Will Wilkinson has a good anti-conflationist piece on Rand, here. (CHT Charles Johnson.) I posted the following quibble:
Excellent piece (and on related points see also my posts Ayn Rands Left-Libertarian Legacy and Ayn Rand and the Capitalist Class); but I think I disagree with you about the benevolent-universe premise; when she says that success is metaphysically normal, I dont think she means this to entail that success (or even the possibility of success) is statistically normal. Admittedly I think she perhaps sometimes slides from the former to the latter in her later writings (as in her changing views on charity); but if so, that was a mistaken inference and doesnt impugn the principle itself. By analogy (to make a Michael Thompson-y point): even if some plague caused most lions to be born with three legs, it would still be true that the lion is a four-legged animal or that being four-legged is normal for lions.
But what if the plague affected the lions’ genetic code so that future generations of lions would also be born with three legs? 😛
I’m still thinking of (or wondering about – you leftists suck) Ayn wetting her panties seeing the American Soldier being flung into space and thinking that was a WIN for the Hu-man.
Rand had a lot of bizarre contradictory beliefs.
Tracy
Re: benevolent-universe
Did Ayn Rand ever have a dancing plastic bag moment?
http://www.youtube.com/watch?v=xu8_8TJC9E8
Here are better Rocket Ships for you bloggers.
http://www.youtube.com/watch?v=UDXjnW3nIWg
http://www.youtube.com/watch?v=sYrgHju3d-E
Wilkinson wrote: “Her best novel, We the Living, is best precisely because she had yet to philosophically suppress her tragic instincts.”
Yeah, I think that pretty much sums up why I appreciate We the Living so much more than Fountainhead or Atlas.
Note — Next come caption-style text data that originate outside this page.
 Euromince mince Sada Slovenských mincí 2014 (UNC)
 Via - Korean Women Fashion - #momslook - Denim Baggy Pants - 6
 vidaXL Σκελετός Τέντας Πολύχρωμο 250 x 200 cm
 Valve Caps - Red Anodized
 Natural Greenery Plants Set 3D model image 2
Now what that that says about me and my own world view…
I admit: I’ve only read a portion of Michael Thompson’s paper, but I would like to try to clarify something.
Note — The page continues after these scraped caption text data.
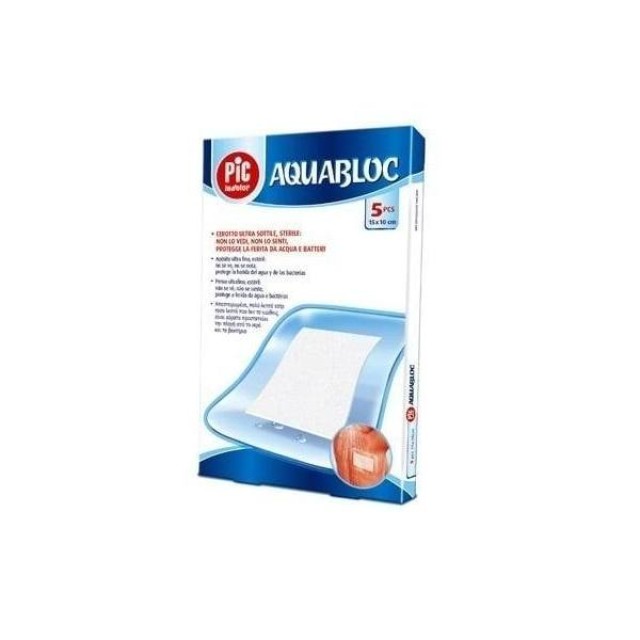 Pic Solution AquaBloc Waterproof UltraThin Sterile Post-op Plasters (12 x 10cm) Αποστειρωμένα Επιθέματα για Πληγές, 5 τεμάχια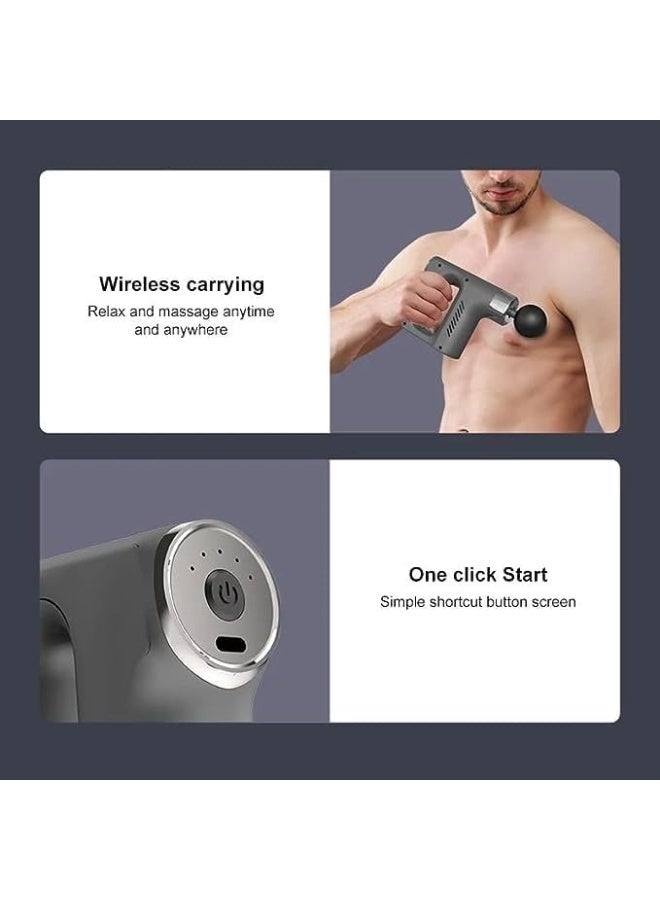 Generic Electric Deep Tissue Handheld Massager – Portable Percussion Vibration Therapy Tool for Muscle Pain Relief, Adjustable Speed, Ergonomic Design, Ideal for Post-Workout Recovery, Home & Gym Use  - Image 2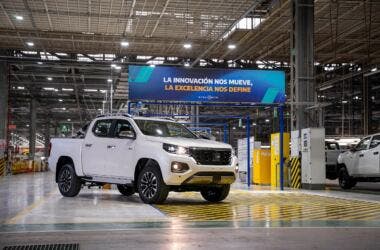 Fiat Titano pickup truck at its industrial park in Córdoba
He seems to be making a point analogous to Kant’s–that existence is not a predicate. He seems to be saying that form of life is not a predicate, but instead, it interweaves through everything we can possibly express.
I see how that means that we should consider justice-less-ness a deficit in the human form of life. But, I don’t see how that means that we should aim for some idealized version of justice. Shouldn’t we instead aim to make singular steps towards the idealized version of justice? Can’t we only hope to move in the direction of justice? Does it make sense to aim at grasping/possessing justice?